Enquanto a religião desaparece
como tema de estudo nas escolas, as sociedades abraçam idolatrias que vão da
política do espetáculo à técnica e ao comércio.
Dependemos de equipamentos cujo
funcionamento ignoramos e ganhamos prestígio por meio de marcas. Tirar os
mercadores do templo é inútil porque deles é o reino. O lançamento de um novo
iPhone faz com que os peregrinos durmam às portas das capelas da Apple.
Os
aplicativos da telefonia substituíram os sinais de orientação do Espírito
Santo? Tempos de fraudes e talismãs, supervisionados pela caneta óptica. Diante
da supremacia absoluta do econômico, Marx falou do fetichismo da mercadoria,
cuja força hipnótica é superior à do ópio.
Nessa fase sacralizada do
capitalismo, em que o CEO de uma empresa é mais importante do que um
presidente, o Papa Francisco ganhou relevância.
Enquanto a economia se mistifica,
a Igreja atravessa um inesperado processo de normalização. Tem um
Pontífice aposentado e seu sucessor tem o nome do santo padroeiro dos pobres,
prepara sua própria comida, carrega sua pasta e chega de Fiat às reuniões nas
quais os outros chefes de Estado chegam de limusine. Além desses gestos (num
ofício em que tudo é gesto), Francisco aproxima a agenda do Vaticano dos
hábitos mundanos: o divórcio, a homossexualidade, as incorporações das mulheres
à hierarquia eclesiástica deixaram de ser temas tabus. Ainda não existem
resoluções decisivas a respeito, mas o que antes era um anátema é discutido no
sínodo da família.
Até que ponto as crenças
ultraterrenas podem ser secularizadas? Curiosamente, na própria raiz do
cristianismo existe um desejo de associar o divino com o cotidiano. Para
Kierkegaard, a figura de Cristo despojou de aspecto sobrenatural a Deus ao
mostrar que um homem pode sê-lo. Estendendo a comparação, o filósofo
russo-alemão Boris Groys disse: “Jesus Cristo é um ready-made”. A frase faz
alusão a Duchamp, que fez algo semelhante em estética. Ao escolher um urinol
como obra de arte “já feita”, sugeriu que todo objeto pode ser arte.
Baseado no homem comum, o
catolicismo se tornou ao longo dos séculos o império dos bispos cobertos de
joias. Francisco procura voltar às palavras que Jesus disse aos pescadores. Mas
o faz numa época dominada pela religiosidade difusa, em que os crentes
mais fervorosos estão fora do templo, absortos na realidade virtual ou nos
negócios, e nem sequer sabem que são crentes.

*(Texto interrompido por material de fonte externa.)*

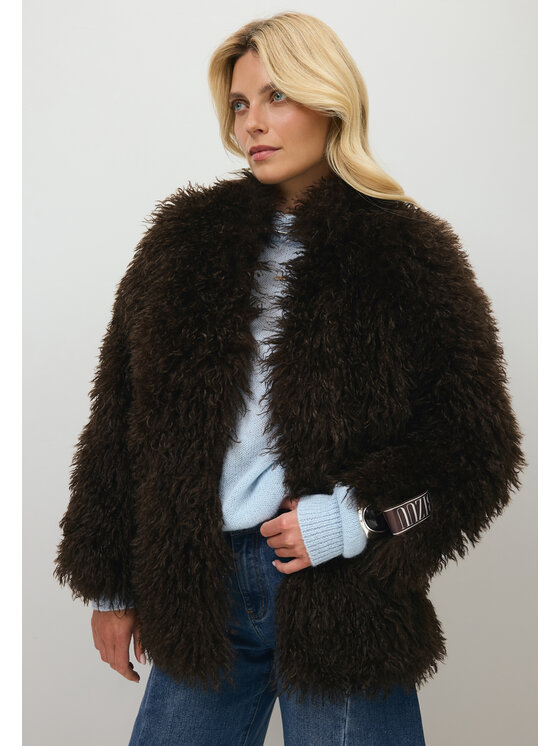 BIZUU BIZUU Futro WINTER WARM FLUFFY FUR Brązowy Standard Fit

A propósito da corrupção no Banco
do Vaticano, o Papa disse: “Se não sabemos cuidar do dinheiro, que se vê, como
podemos cuidar das almas dos fiéis, que não se veem?”. A verdade é que o
dinheiro se vê cada vez menos; aparece como crédito ou investimento offshore no
Panamá.
A tecnologia e o consumo
sacralizaram o profano. Do ópio dos povos passamos à cocaína que, em vez de
adormecer, provoca a ilusão de dominar a realidade.